Jan 14, 2009 - 3:12 pm 2. El Gordo:Lawyers out of work or out of fashion? We are literally governed by lawyers.
Jan 14, 2009 - 3:34 pm 3. lc:I notice a heavy emphasis on the public service aspect — it’s bound to suffer a long, slow, tortuous and expensive eventual death. In spite of DARPA’s successes (and interesting controversies)….see National Endowment for the Arts.
Jan 14, 2009 - 3:48 pm 4. JAK:“It’s interesting to speculate whether someone, now out of work, is conceiving the next big thing.”
That is something that has nagged at me of late, the absolute waste of human capital that is the auto industry.

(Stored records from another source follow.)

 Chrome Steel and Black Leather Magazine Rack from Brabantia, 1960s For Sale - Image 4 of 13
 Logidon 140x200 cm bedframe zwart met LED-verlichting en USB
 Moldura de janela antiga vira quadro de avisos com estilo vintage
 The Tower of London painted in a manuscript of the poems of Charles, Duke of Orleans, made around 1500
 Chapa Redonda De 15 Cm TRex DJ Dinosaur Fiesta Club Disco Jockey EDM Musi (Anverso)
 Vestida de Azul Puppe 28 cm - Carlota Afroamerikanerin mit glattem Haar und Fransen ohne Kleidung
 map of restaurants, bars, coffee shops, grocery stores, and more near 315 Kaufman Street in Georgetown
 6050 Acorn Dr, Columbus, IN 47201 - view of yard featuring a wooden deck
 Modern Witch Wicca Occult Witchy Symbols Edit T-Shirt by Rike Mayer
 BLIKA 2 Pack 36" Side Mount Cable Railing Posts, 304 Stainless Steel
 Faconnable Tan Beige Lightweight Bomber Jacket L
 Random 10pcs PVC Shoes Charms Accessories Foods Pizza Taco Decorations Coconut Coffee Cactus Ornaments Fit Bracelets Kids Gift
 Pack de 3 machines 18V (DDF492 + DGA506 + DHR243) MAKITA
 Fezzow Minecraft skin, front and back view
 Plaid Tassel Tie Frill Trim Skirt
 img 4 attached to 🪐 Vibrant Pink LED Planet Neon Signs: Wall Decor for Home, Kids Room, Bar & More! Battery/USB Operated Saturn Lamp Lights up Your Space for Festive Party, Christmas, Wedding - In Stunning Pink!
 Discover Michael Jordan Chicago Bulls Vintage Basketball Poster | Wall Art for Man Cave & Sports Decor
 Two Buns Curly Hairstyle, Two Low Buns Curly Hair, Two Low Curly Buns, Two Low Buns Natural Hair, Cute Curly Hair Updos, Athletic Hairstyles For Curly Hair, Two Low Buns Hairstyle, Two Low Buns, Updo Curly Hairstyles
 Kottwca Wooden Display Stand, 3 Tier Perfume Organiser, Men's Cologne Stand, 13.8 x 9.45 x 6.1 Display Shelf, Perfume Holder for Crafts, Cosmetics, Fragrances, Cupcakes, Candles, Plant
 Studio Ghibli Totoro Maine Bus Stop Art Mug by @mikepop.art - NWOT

Jan 14, 2009 - 4:01 pm 5. RWE:It’s fun to look at the ads in old aviation magazines from circa 1945. One of the most memorable shows a elderly man and his wife returning home from a trip. He is settling down for a snooze in the spacious carlike cockpit, saying “Just follow the needle, honey, and wake me up when we get close to home.” They are flying along in a sleek pusher aircraft that looks like a cross between an AMC Pacer and a Douglas B-42.
Those were incredibly optimistic times. The greatest war ever fought was being won by feats of technology that anyone could see, and that did not even count jet propulsion, microwave radar, and nuclear energy, all of which were hush-hush.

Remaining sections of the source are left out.